GM and Ohio-based Workhorse have been in negotiations since the beginning of the year, but Workhorse representative Tom Colton told Jalopnik that the companies are in “roughly preliminary discussions.”
Workhorse will not be acquiring the GM plant directly – a complex arrangement would create a new entity – Workhorse would be a minority owner and Steve Burns would be the leader.
The fraught relationship between automakers and unions may come into play. The United Autoworkers Union naturally wants GM to keep the Lordstown plant open, but Steve Burns has said that Workhorse is willing to work with the UAW. The skilled labor force will be “one of our big competitive advantages,” he said. “Of course, we have to work with labor to work out the details, but we are excited to have them.”
There is one pesky little problem – Workhorse doesn’t have enough money to buy the plant, or at the moment, enough business to take full advantage of it. The company, which seemed to be a potential superstar at the time we featured it in our May/June 2017 issue, now has fewer than 100 employees, and although it does have high-profile customers including FedEx and UPS, it generated sales of only $763,000 in 2018. (The Cincinnati Enquirer sarcastically noted that this is a fraction of the yearly figure for a typical McDonald’s). Prior to the President’s blurt about the GM deal, Workhorse appeared to be on the verge of bankruptcy. “Our existing capital resources will be insufficient to fund our operations through the first half of 2019,” the company stated shortly before the news of the Lordstown deal.

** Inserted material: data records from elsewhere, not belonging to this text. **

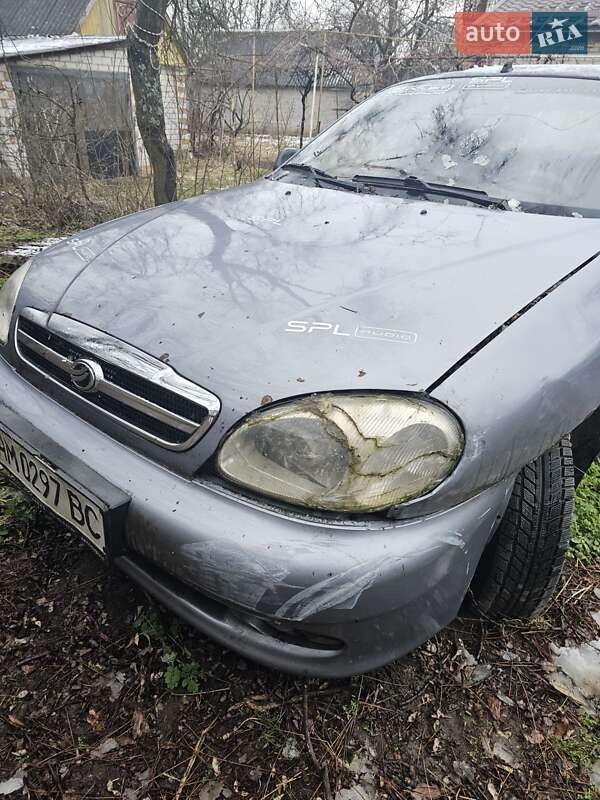 Седан ЗАЗ Lanos 2010 в Коростене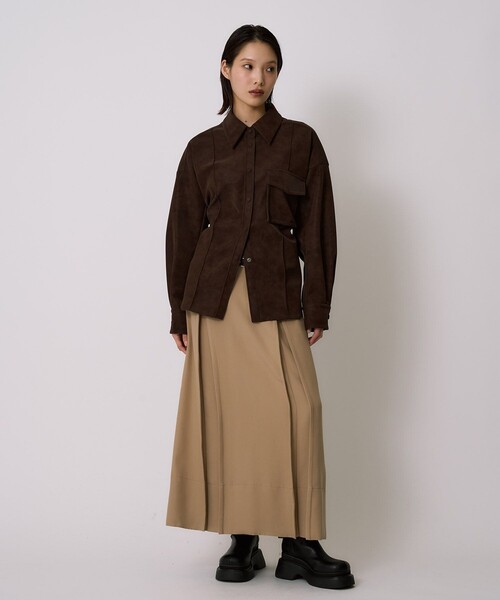 UNITED TOKYO（ユナイテッドトウキョウ）の「【残りわずか！】Oversized Suede Shirt｜ヴィーガンレザー/羽織/アウター/スエード/シャツジャケット/軽量/春服（シャツ/ブラウス・レディース・ブラウン/ブラック・FREE）」の7枚目の写真
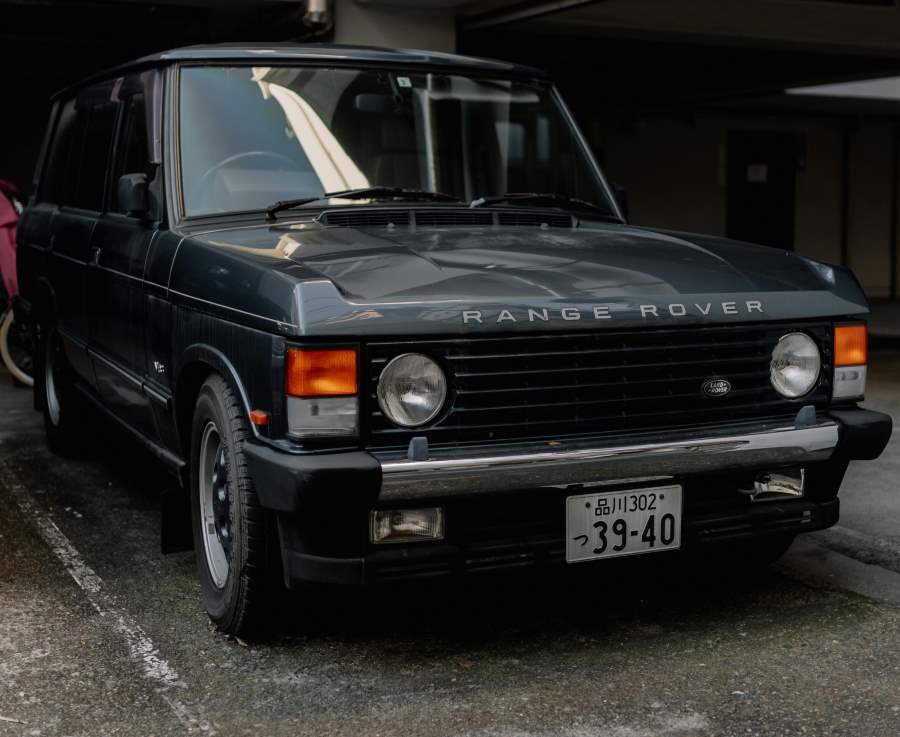 facelift of the range rover car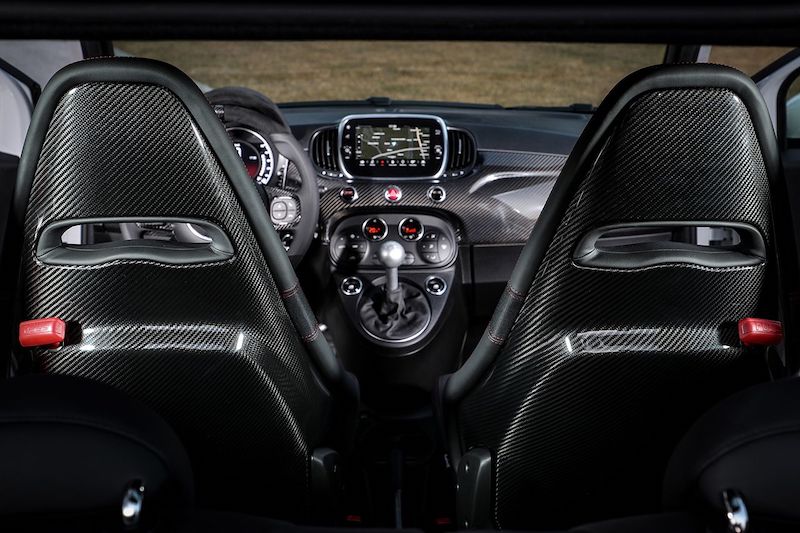 Abarth sceglie il Salone dell’Auto di Ginevra per festeggiare i suoi 70 anni Abarth sceglie il Salone dell’Auto di Ginevra per festeggiare i suoi 70 anni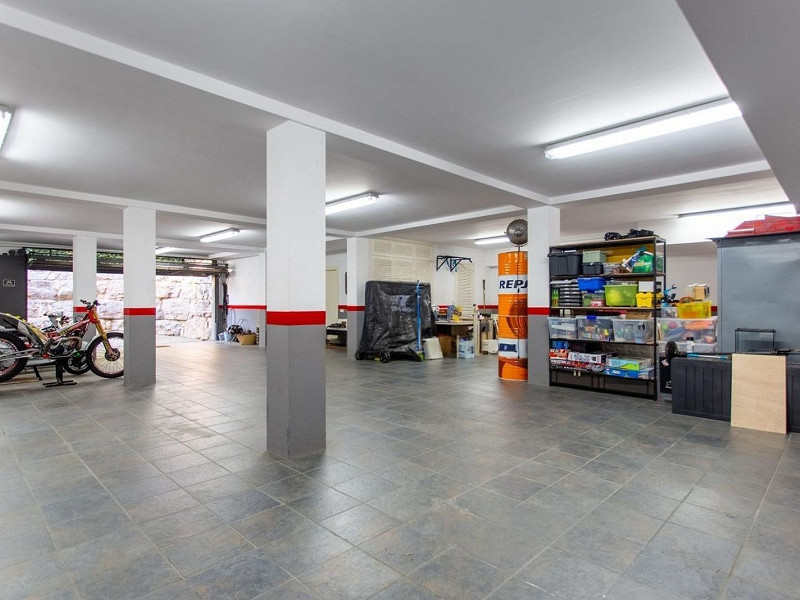 Luxury Single-Storey Home with Pool in Sant Vicenc de Montalt, Barcelona. Photo:  49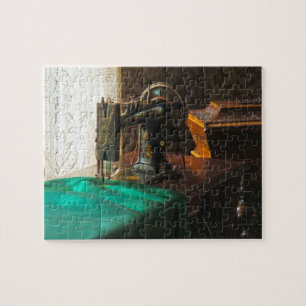 Antike Nähmaschine am Fenster Puzzle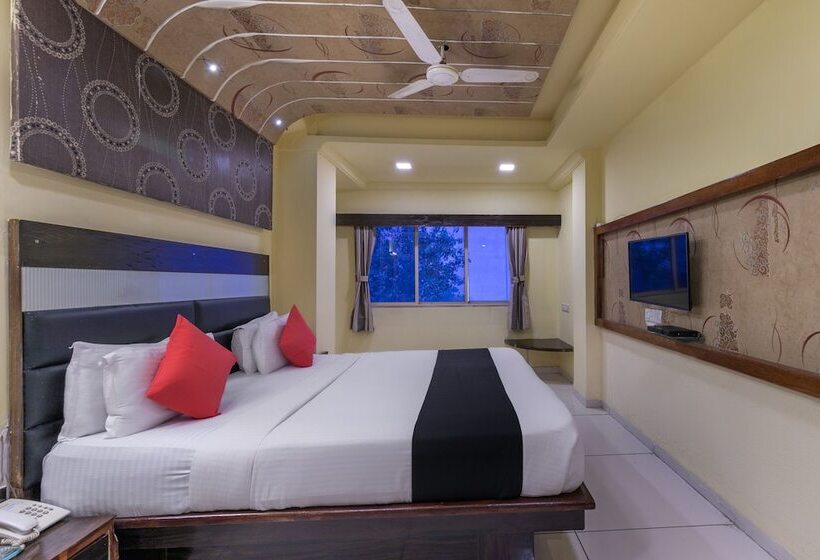 Capital O 891 Hotel Kadamb Inn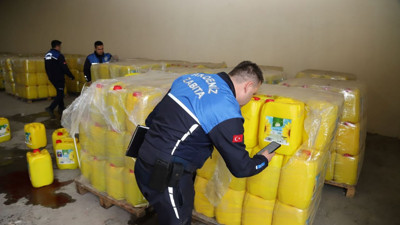 İ&ccedil;ine su karıştırmışlar... 3 bin 650 bidon ay &ccedil;i&ccedil;eği yağına el konuldu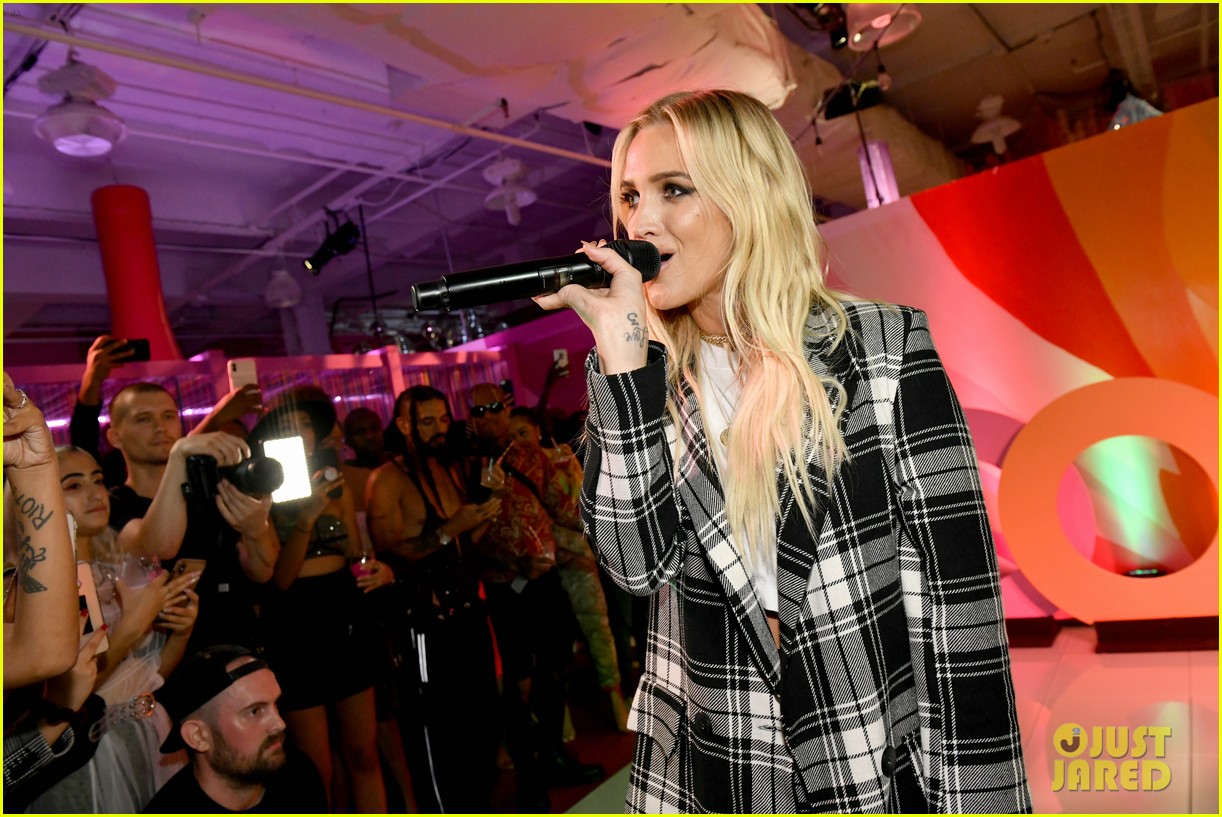 ashlee simpson evan ross help close out nyfw at boohoo party 034351620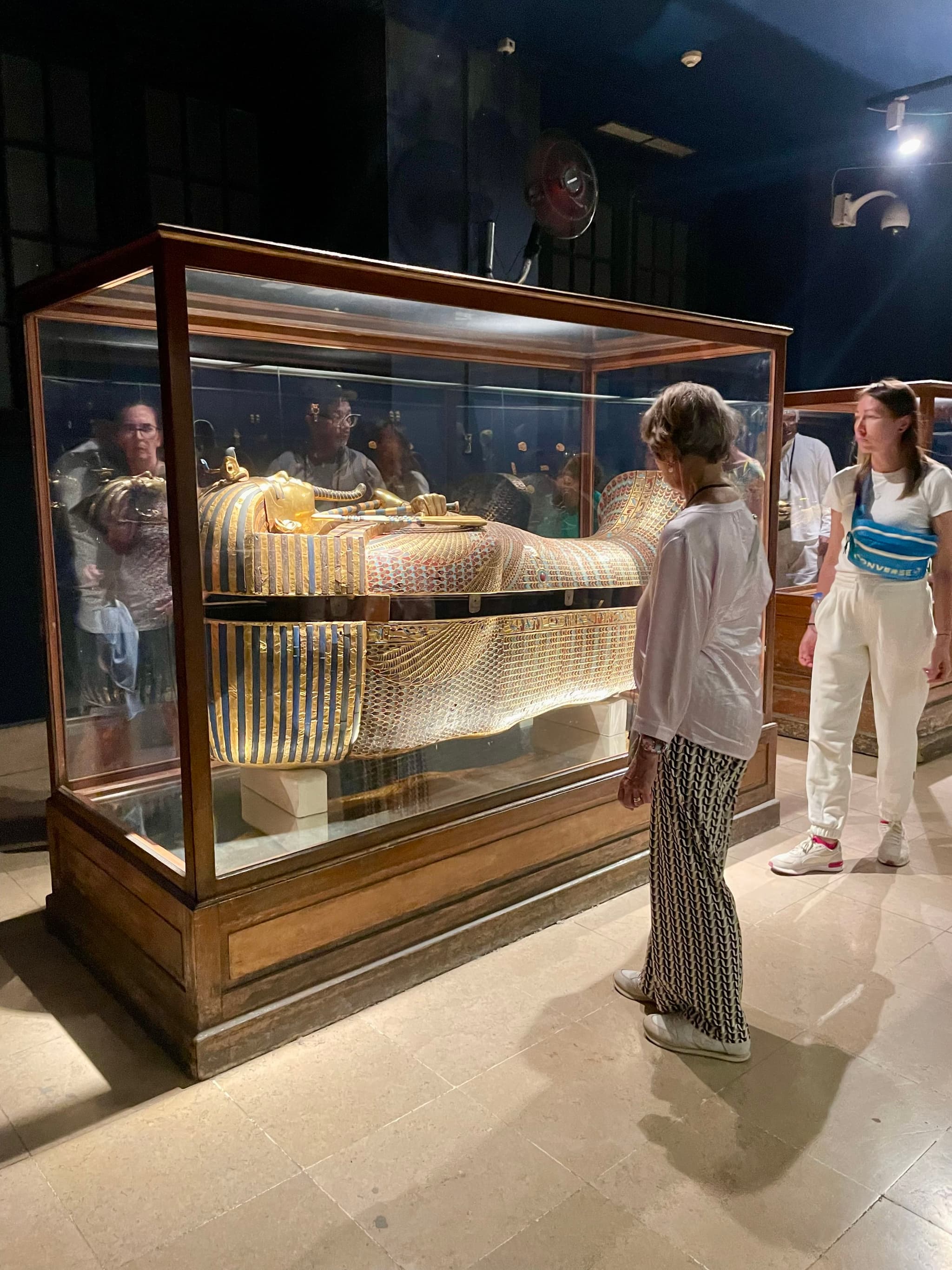 photos of king tut allegedly not allowed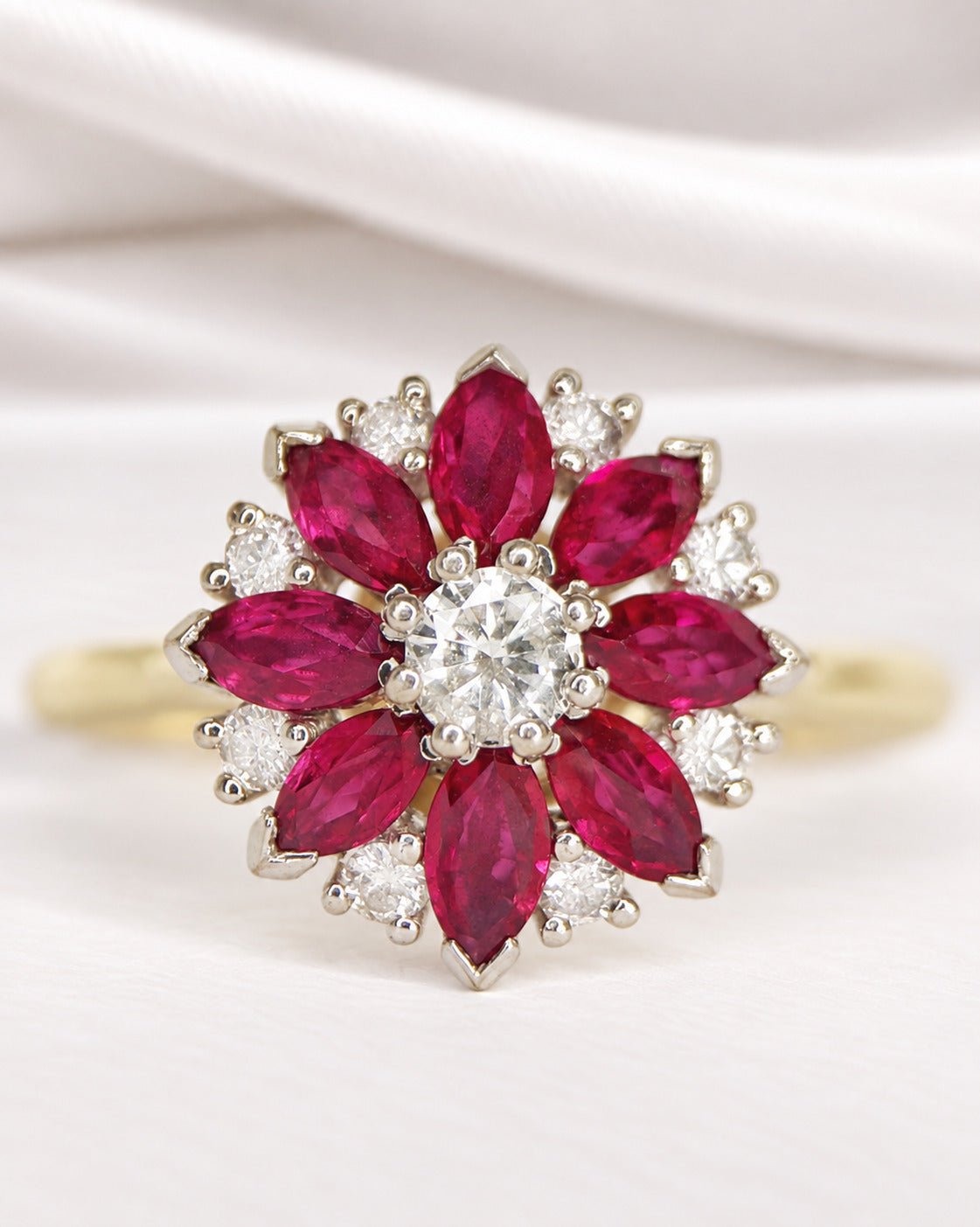 Bague Marguerite Rubis 1.20 carat &amp; Diamants "Teresa" - Elliade Paris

However, Workhorse has a potentially valuable card in the hole – the US Postal Service is planning to replace its aging fleet of Grumman LLV delivery trucks, and a prototype that Workhorse built in partnership with commercial truck specialist VT Hackney is one of four vehicles (and the only electric vehicle) in the running. The USPS’s process of selecting a vehicle has already taken four years, but according to Trucks.com, a final decision is expected by this fall. The contract calls for 180,000 trucks to be delivered over several years, and the total value could be as much as $6.3 billion.
If Workhorse wins the contract, it’s expected to build the trucks at the Lordstown plant, but “we have a business with or without the post office to make these electric pickup trucks for these fleets,” Burns said.
Ohio politicians are cautiously optimistic about the deal. “It’s still too early to tell whether the sale is good news for workers,” said Ohio Senator Sherrod Brown.
“We have a lot of questions,” said Lordstown Mayor Arno Hill. “We’d like to find out how many people will be employed and the level of investment. We’re very optimistic that we could be on the leading edge of something here.”
Editor’s Note: This post has been updated to include Steve Burns’s more recent comments.